To build an HNSW index, the syntax is straightforward:

sql

CREATE INDEX ON documents
USING hnsw (embedding vector_l2_ops)
WITH (m = 32, ef_construction = 128);

This command initiates the index build, a process that can be resource-intensive and time-consuming. The crucial part is the WITH clause, which contains the build-time tuning parameters.

Mastering the Tuning Knobs: `m`, `ef_construction`, and `ef_search`

The performance of your HNSW index is almost entirely dictated by three parameters. Understanding their interplay is non-negotiable for production success.

1. `m`: The Connectivity of the Graph

What it is: m defines the maximum number of bidirectional connections (edges) each node can have within a single layer of the graph. It directly controls the density of the graph.

The Trade-off:

- Low m (e.g., 8-12): Creates a sparse graph. This results in a smaller index size in memory and faster index build times. However, the search path might not be optimal, potentially leading to lower recall (the search gets stuck in a local minimum and misses the true nearest neighbors).

- High m (e.g., 32-64): Creates a dense graph with many redundant paths. This significantly increases the probability of finding the optimal route to the true nearest neighbors, improving recall. The costs are a larger memory footprint, longer build times, and slightly higher query latency as more paths are explored.

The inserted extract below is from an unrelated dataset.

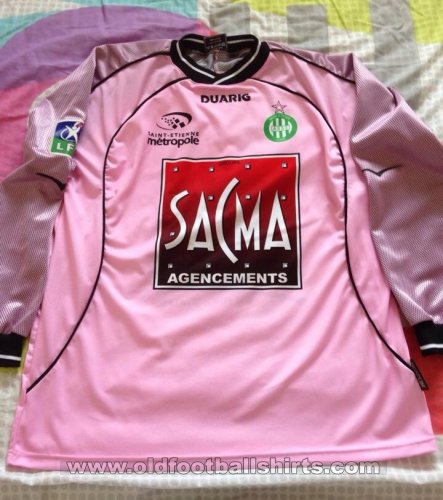 http://www.oldfootballshirts.com/img/shirts/306/thumbs/football_shirt_41486_1_443x500x1.jpg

Production Guidance: A common starting point for m is between 16 and 32. For applications where recall is paramount and you can afford the memory, values up to 64 are reasonable. Values below 8 are rarely effective, and values above 96 often provide diminishing returns for a significant cost.

2. `ef_construction`: The Quality of the Index Build

What it is: ef_construction (effective construction) controls the quality of the graph being built. When adding a new node to the graph, the algorithm searches for its m nearest neighbors to connect to. ef_construction defines the size of the dynamic candidate list used during this search. A larger list means a more thorough search for neighbors, resulting in a higher-quality, more accurate graph.

The Trade-off:

- Low ef_construction (e.g., 64): Leads to a much faster index build. The resulting graph may be suboptimal, which can negatively impact query-time recall. The search might find "good enough" neighbors during the build, but not the absolute best ones.

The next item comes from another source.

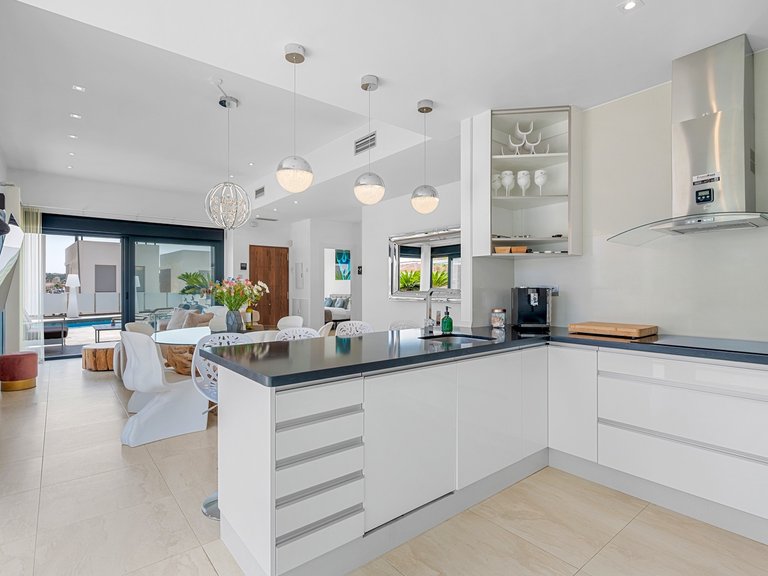 Villa for Sale in Villamartin, Orihuela Costa, Alicante 17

- High ef_construction (e.g., 256-512): Significantly increases index build time. However, it produces a superior graph structure where nodes are connected to their true nearest neighbors. This investment at build time pays dividends at query time, enabling higher recall for a given query speed.

Production Guidance: The quality of your index is foundational. Skimping on ef_construction is often a false economy. A robust starting point is to set ef_construction to at least 4 m. For high-recall applications, values of 8 m or even higher are common. For a typical m = 32, an ef_construction of 128 to 256 is a solid choice.

3. `ef_search`: The Speed vs. Accuracy Knob at Query Time

What it is: ef_search is the query-time equivalent of ef_construction. It determines the size of the dynamic candidate list used during the search for a query vector. It is arguably the most important parameter for balancing latency and recall.

The Trade-off:

- Low ef_search (e.g., 40): The search is very fast because the candidate list at each step is small. The query latency will be very low. However, the risk of terminating the search prematurely in a suboptimal part of the graph is high, leading to lower recall.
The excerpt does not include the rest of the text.